━━ RECORDS SHOWN ━━

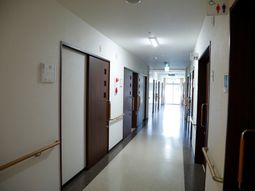 明るい施設の廊下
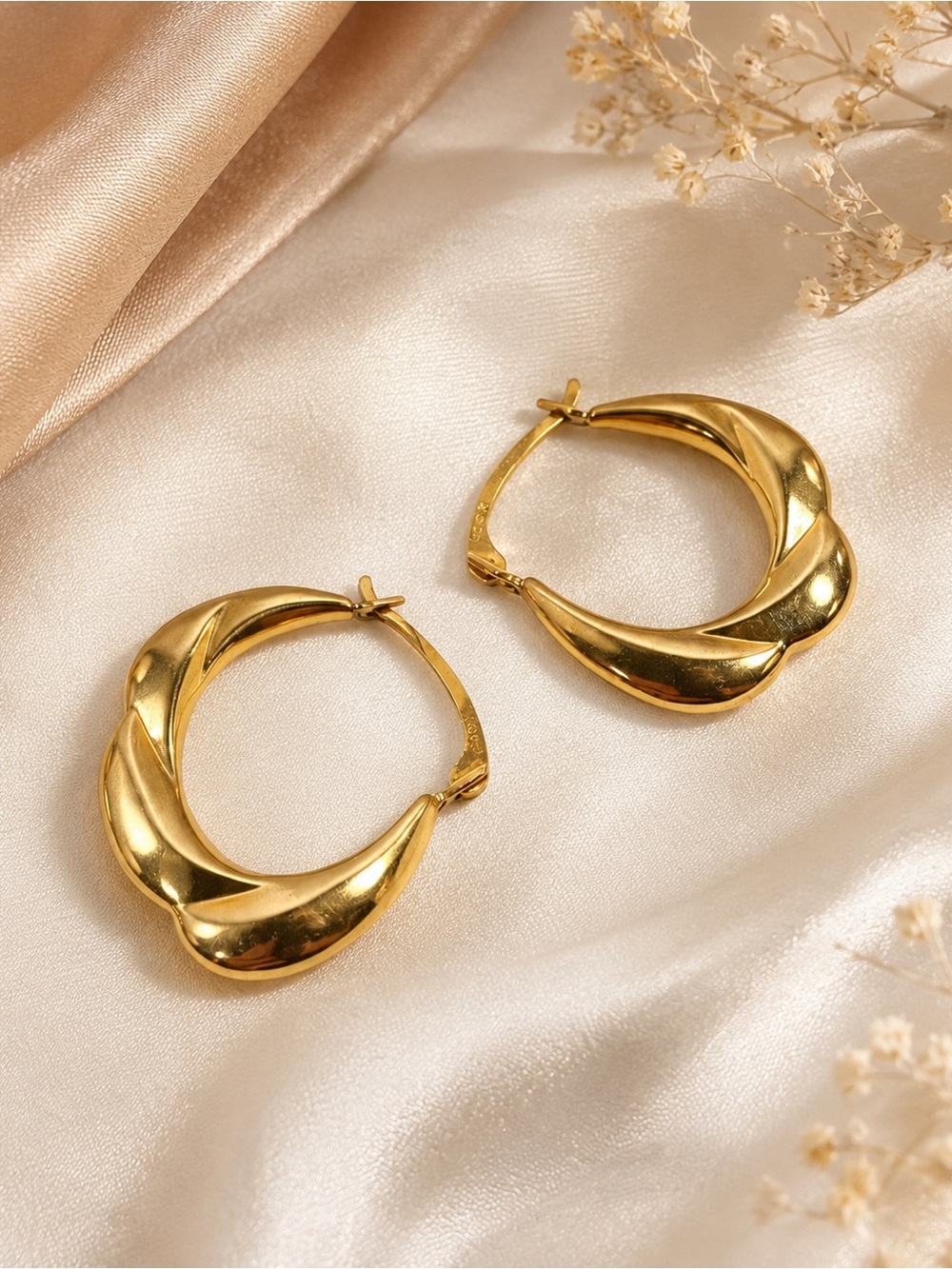 Elegant 10k Gold Hoop Earrings Puffy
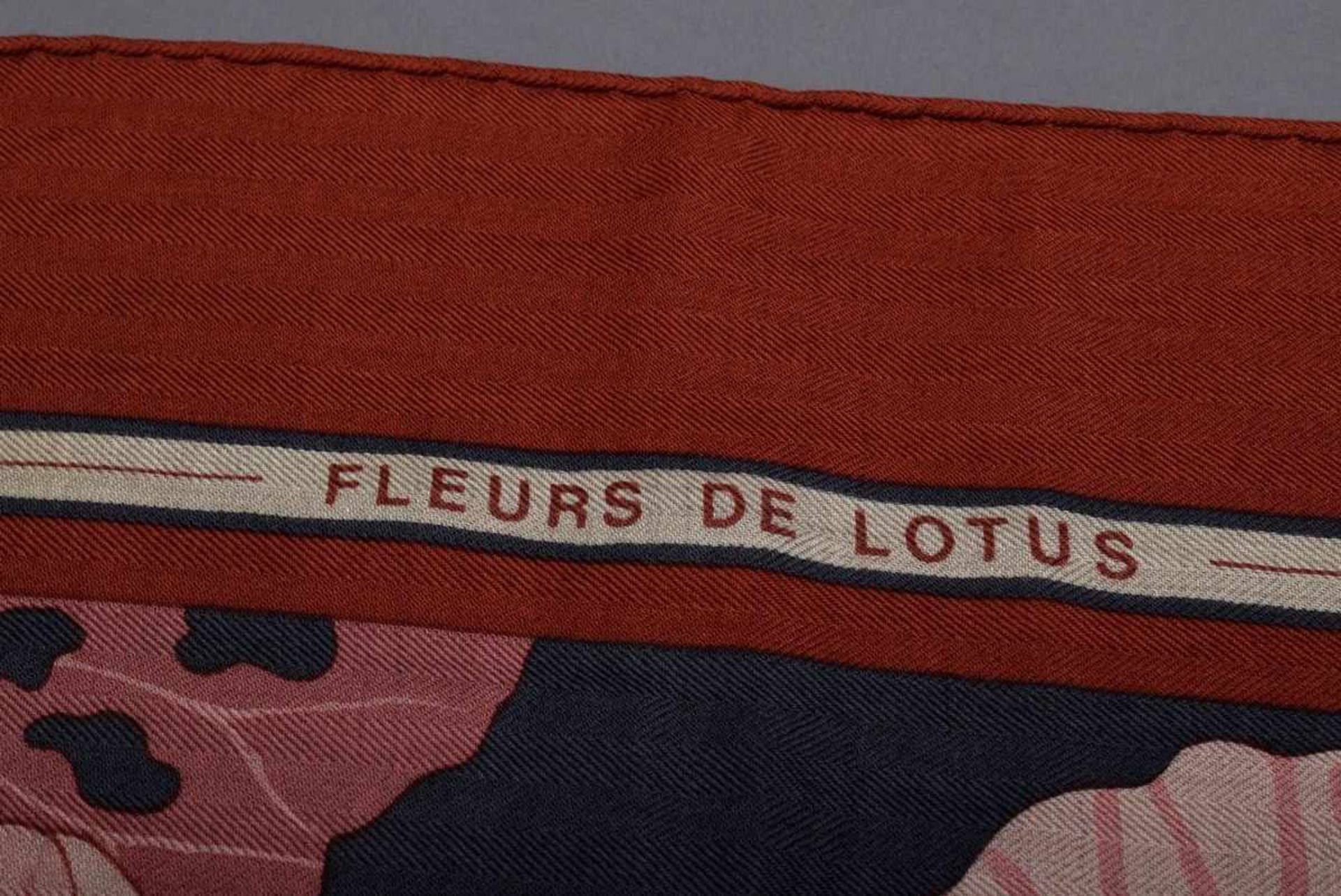 Hermès scarf "Fleur de Lotus" dark red/khaki/rosé/anthracite, designed by Christiane de Vauzelles - Bild 5 aus 5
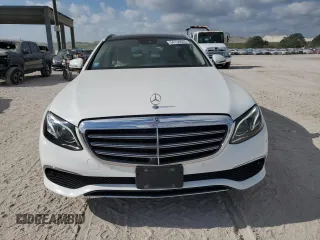 2019 Mercedes-Benz E 450 with VIN WDDZH6JB7KA507533, listed as a Copart auction lot 54134665 with 72,168 mi miles and Non Repairable. Bid and sale history available at DreamBid. Image 5.
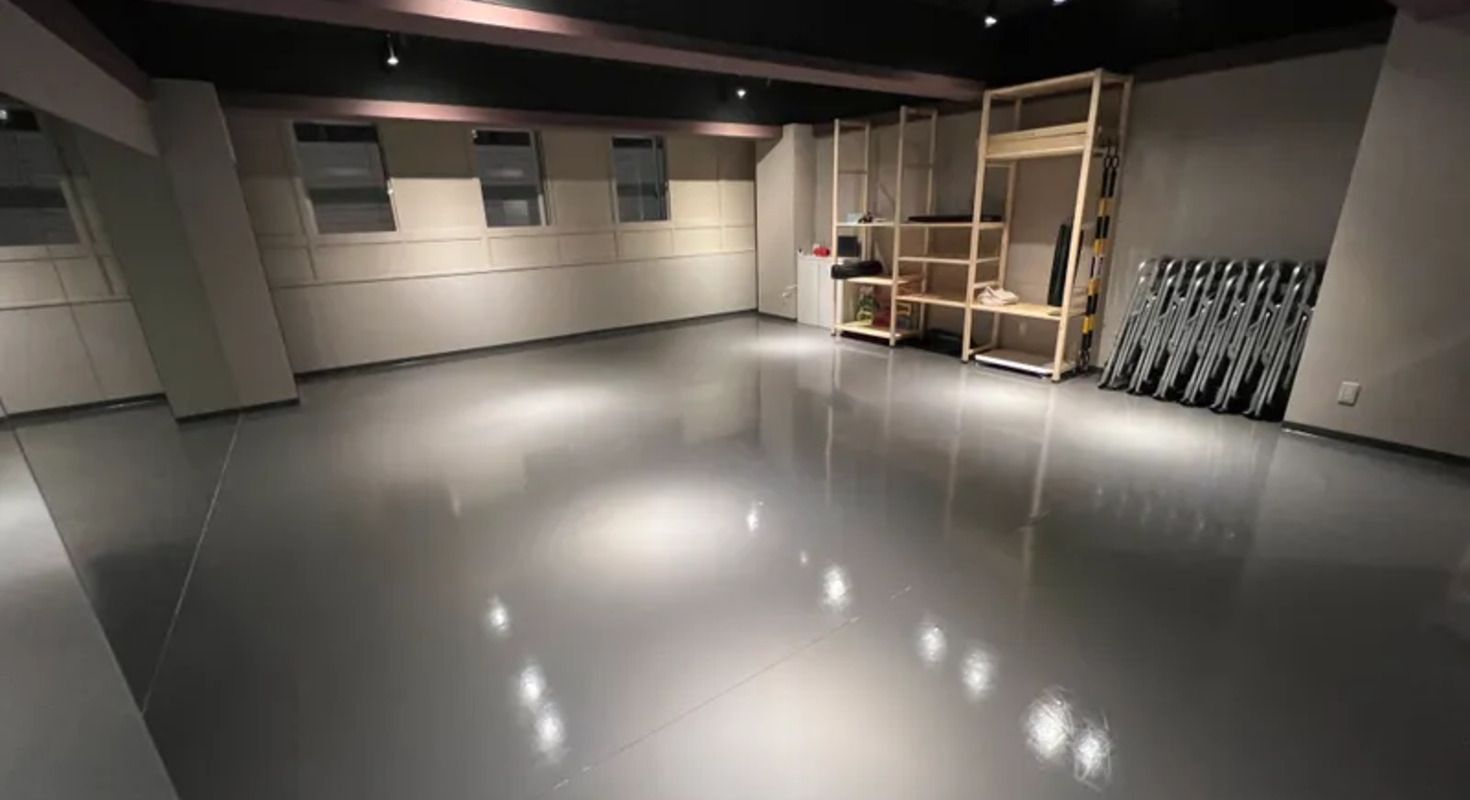落ち着きのあるモダンな雰囲気のスタジオ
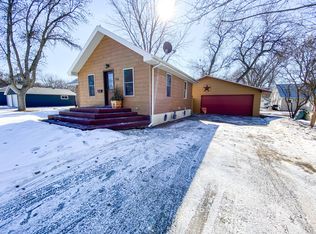 708 3rd St S, Brookings, SD 57006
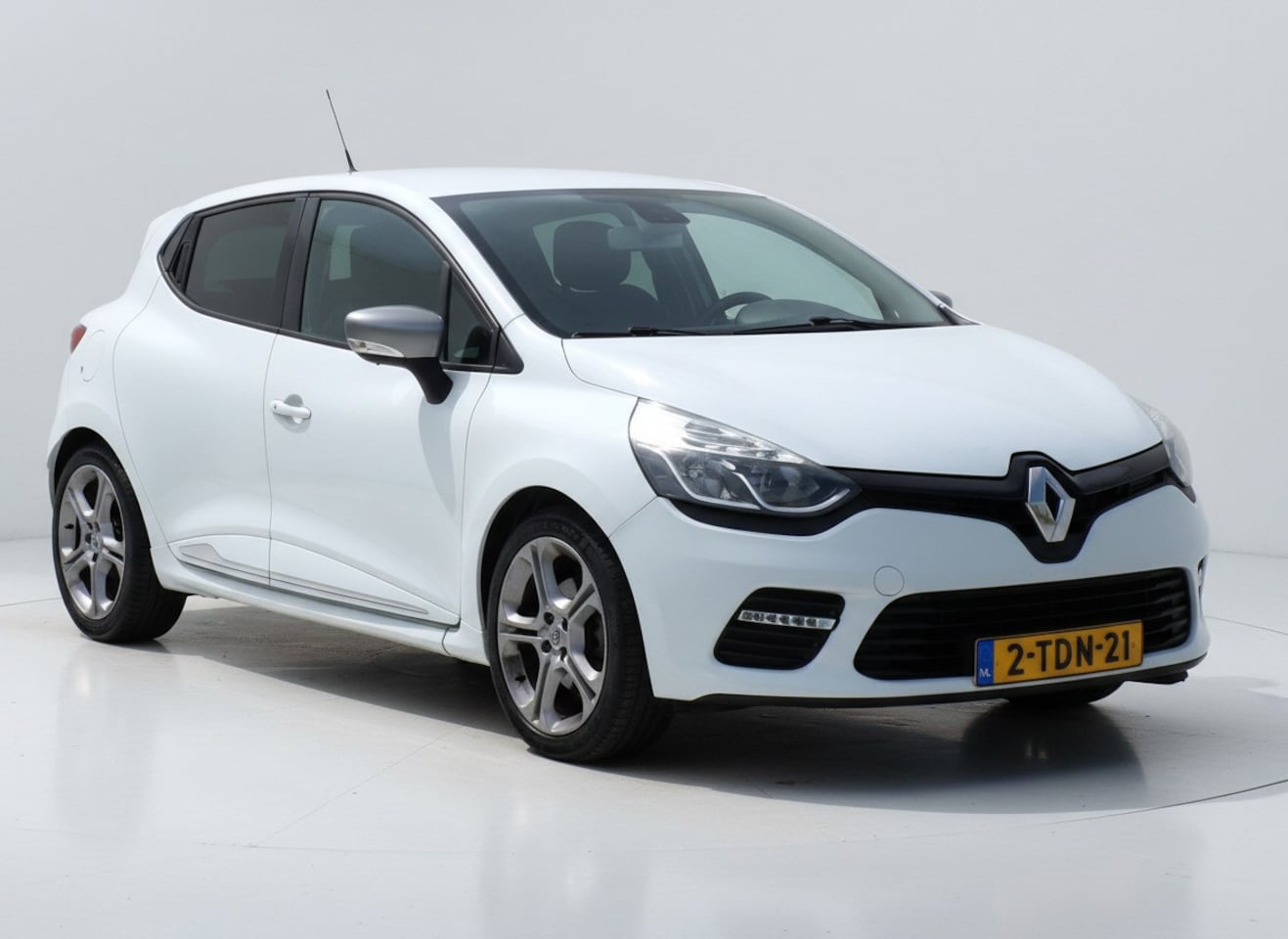 Renault Clio - 1.2 GT|AUT|Cruise|Nav|PDC|Orig.NL|Lage KM-stand - AutoWereld.nl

━━━

*WHAT YOU NEED TO DO*
Ignoring the pictures, write out word for word the lines from the line containing "Bild 5 aus 5" through the end of the material above.

*ANSWER BOX*
 Hermès scarf "Fleur de Lotus" dark red/khaki/rosé/anthracite, designed by Christiane de Vauzelles - Bild 5 aus 5
 2019 Mercedes-Benz E 450 with VIN WDDZH6JB7KA507533, listed as a Copart auction lot 54134665 with 72,168 mi miles and Non Repairable. Bid and sale history available at DreamBid. Image 5.
落ち着きのあるモダンな雰囲気のスタジオ
 708 3rd St S, Brookings, SD 57006
 Renault Clio - 1.2 GT|AUT|Cruise|Nav|PDC|Orig.NL|Lage KM-stand - AutoWereld.nl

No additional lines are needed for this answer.